Skip to main content

Data Structure

Files Location

Each table, will contain files in a specific path with the format:  <tabl_name>/year=yyyy/month=mm/day=dd/hour=hh/<file_name>.parquet   For example transactions/year=2024/month=01/day=01/hour=01/part-00000-2bfb9dac-fdd5-4025-b8fa-174eedde9d45-c000.snappy.parquet.

Each of the hourly locations will contain one or more Parquet files, each containing a portion of the relevant hour incremental data. Do not count on specific amout of files, the amount can vary.

Incremental Data Content

Due to the nature of a Change Data Capture (CDC) pipeline, the data we transmit is incremental. This means that every change to a row—whether an INSERT, UPDATE, or DELETE—is treated as a separate incremental event. Each change results in the full row being written to the corresponding file. For DELETE operations, the row is transmitted with NULL values for all columns except the identifier (id) column.

note

Because the application is dynamic and constantly updating, you may occasionally receive the same row more than once, even if the visible data hasn't changed.

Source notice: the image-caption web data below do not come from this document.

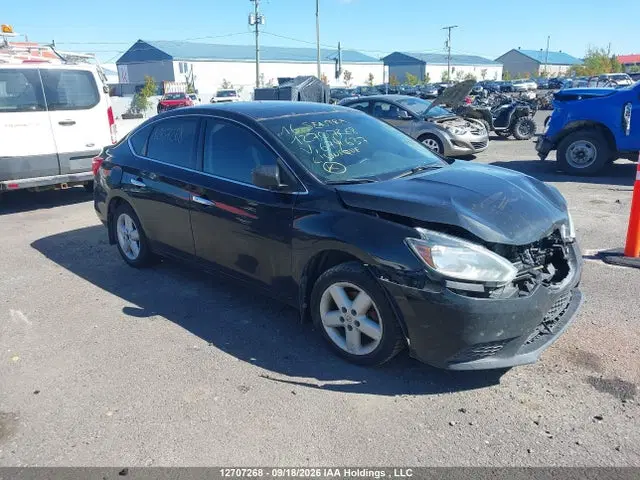 3N1AB7AP2GL674637 — 2016 Nissan Sentra 1.8 S/1.8 SL/1.8 SR/1.8 SV, Front, фото до ремонта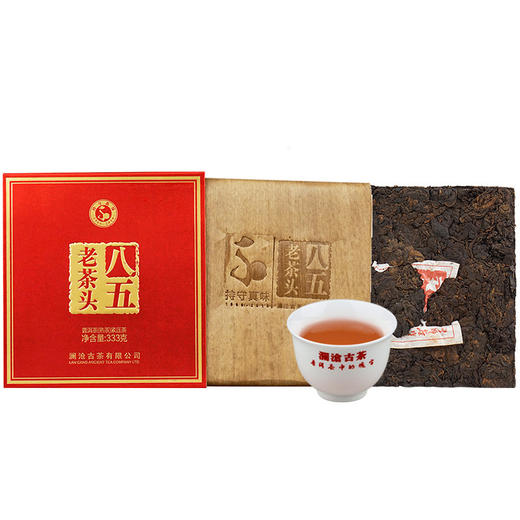 澜沧古茶八五老茶头0085景迈古树云南普洱茶熟茶叶333g碎银子茶 商品图3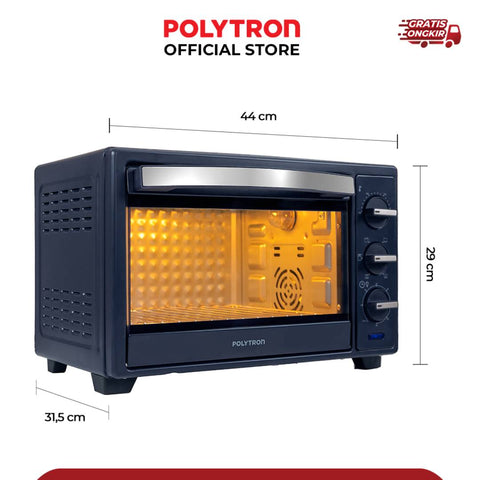 POLYTRON - OVEN LISTRIK 22Liter - PEO 22B2B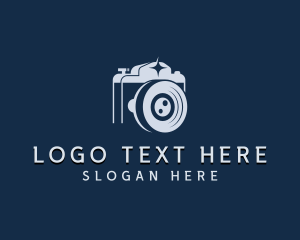 Retro Camera Photography Logo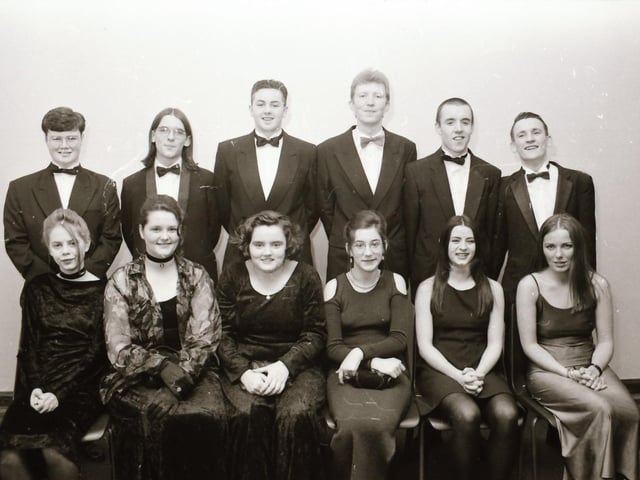30 years ago: St Columb's College formal back in January 1994.:St Columb's College formal 1994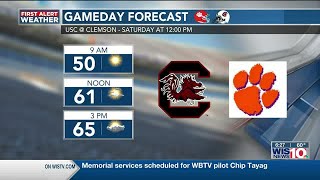 Gameday Forecast Usc Vs Clemson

This can happen, for example, when internal columns—those not configured to be included—are updated.

In such cases, you'll receive "duplicate rows".

note

An INSERT event is not guaranteed to be the first operation you receive for a given row. In certain tables, the association with a specific client is established only after the initial write to the database. Until that association is in place, the row is not eligible for transmission. As a result, the first event you receive for a row may be an UPDATE rather than the initial INSERT. This behavior is expected and depends on the table's design and data flow.

note

In some tables, the same row can be updated multiple times in the same timestamp (transaction). In order to get the latest state of the row, you should use a special column (cdc_change_seq). More info in the section below - special columns.

Special Columns

To track changes in the continuous data stream, there is a need for special columns that help identify the operation type, the change sequence and the commit timestamp. The three columns below are added to each table:

  1. cdc_operation_type - Operation type executed for the row (UPDATE, INSERT or DELETE).
  2. cdc_change_seq - A unique incrementing number. Use it for ordering the results.
  3. cdc_commit_timestamp - The commit timestamp.

Data Freshness

Data transfers occur hourly with changes from the previous hour. For each table, if there is a change, you will get it in the relevant Files Location.

note
  • Data updates may experience delays of up to 4 hours.
  • Column deletions occur automatically without a notice. The column will disappear from the future relevant files.
  • New columns and tables will be introduced over time as part of ongoing product development and enhancements.

Reloading Data

Our internal export process uses a checkpointing mechanism to track which data has already been delivered, ensuring efficient and consistent incremental updates. If you ever need to re-export data from a specific point in time, please contact the Unit team.

note

The schema of each table can be inferred easily from the parquet files. If you wish to get a table-columns mapping, please reach out to your Unit contact.